At least large enterprises were able to invest in software and endure the years long implementations.  Small and medium enterprises were completely boxed out for the formative years of their growth (or ever), either because of affordability or simply not having the supply chain talent to take advantage of the features of the software. 


Now that AI is starting to get entrenched in supply chain applications, is this the time that AI is leveling the playing field?  With price points measured in hundreds of dollars per year, not hundreds of thousands or millions, are SMB’s able to take advantage of the advancements in technology and frankly leapfrog some of the entrenched players.


I am afraid that this post is not going reveal a big aha moment.  I still have more questions than answers but thought it would be good to start committing pen to paper on a train of thought that will hopefully help SMBs find their own answers.  I aptly titled the post with a “(r)evolution” – the supply chain discipline is definitely evolving, whether we have a revolution on our hands is yet to be seen.


Why SMB Supply Chains Are Different—and Why That’s an Opportunity


To appreciate if the advances in AI are truly democratizing supply chain capabilities, one needs to understand how SMBs operate under constraints that look very different from the Fortune 500:


  • Lean teams, often with a small operations staff juggling multiple roles

  • Tight budgets that get consumed by making product or buying inventory, not managing it

  • Unpredictable demand, where one big customer order or seasonal swing can make or break the month.


But these constraints create opportunity.
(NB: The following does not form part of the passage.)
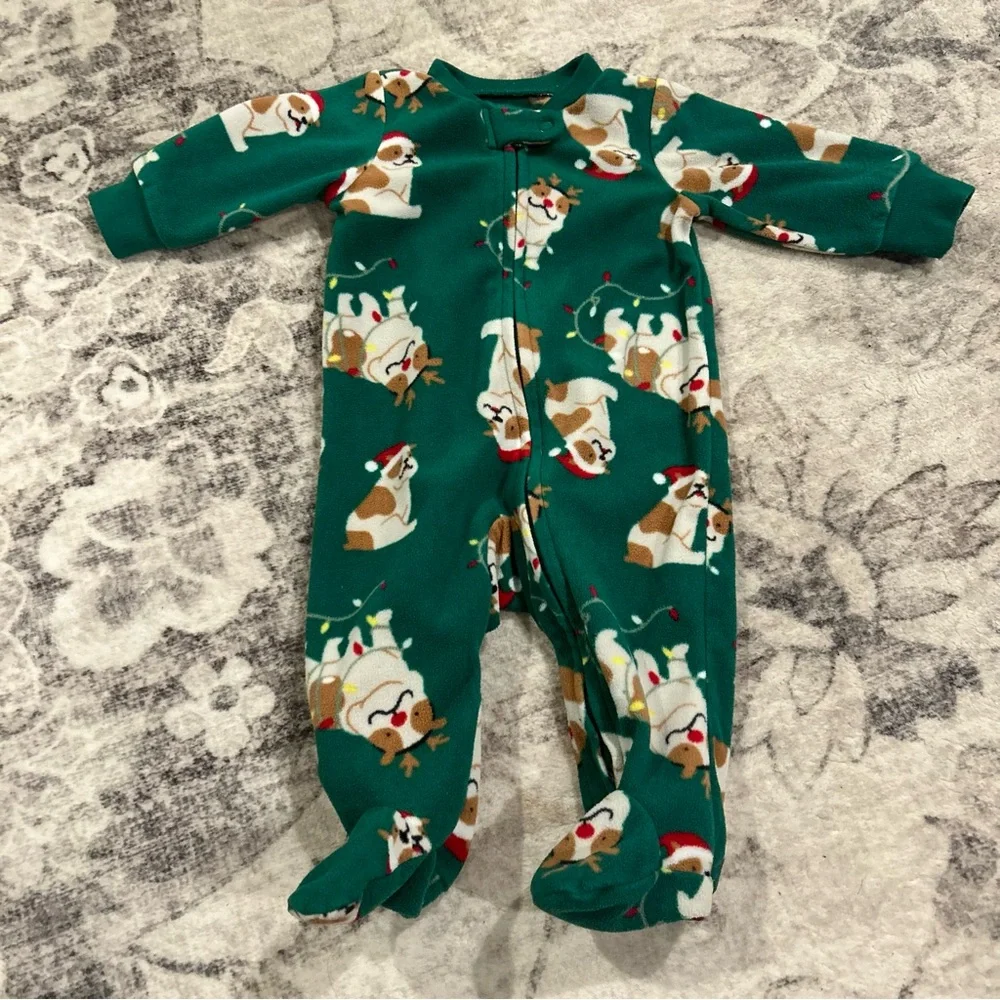 3 Piece Holiday Christmas Bundle 0-3M 2 Fleece Sleepers & Santa Baby Bodysuit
In a small business, incremental improvements compound quickly.  There is no room for a multi-year ERP implementation, best to focus on building capabilities one quarter at the time.  AI doesn’t need to overhaul an entire system to deliver value—it just needs to make existing decisions smarter, faster, and more predictive.



From Reactive to Predictive


Most SMB supply chains are reactive by nature. You discover you’re low on product when a customer is already waiting. You rush an order when a supplier is late. You pay for expedited shipping because you didn’t see a disruption coming.

AI changes the equation. By spotting patterns in data—sales history, supplier lead times, seasonality—it can give SMBs a forward-looking view of their operations. Suddenly, you’re not reacting to problems; you’re anticipating them. And that kind of foresight no longer requires enterprise-grade systems.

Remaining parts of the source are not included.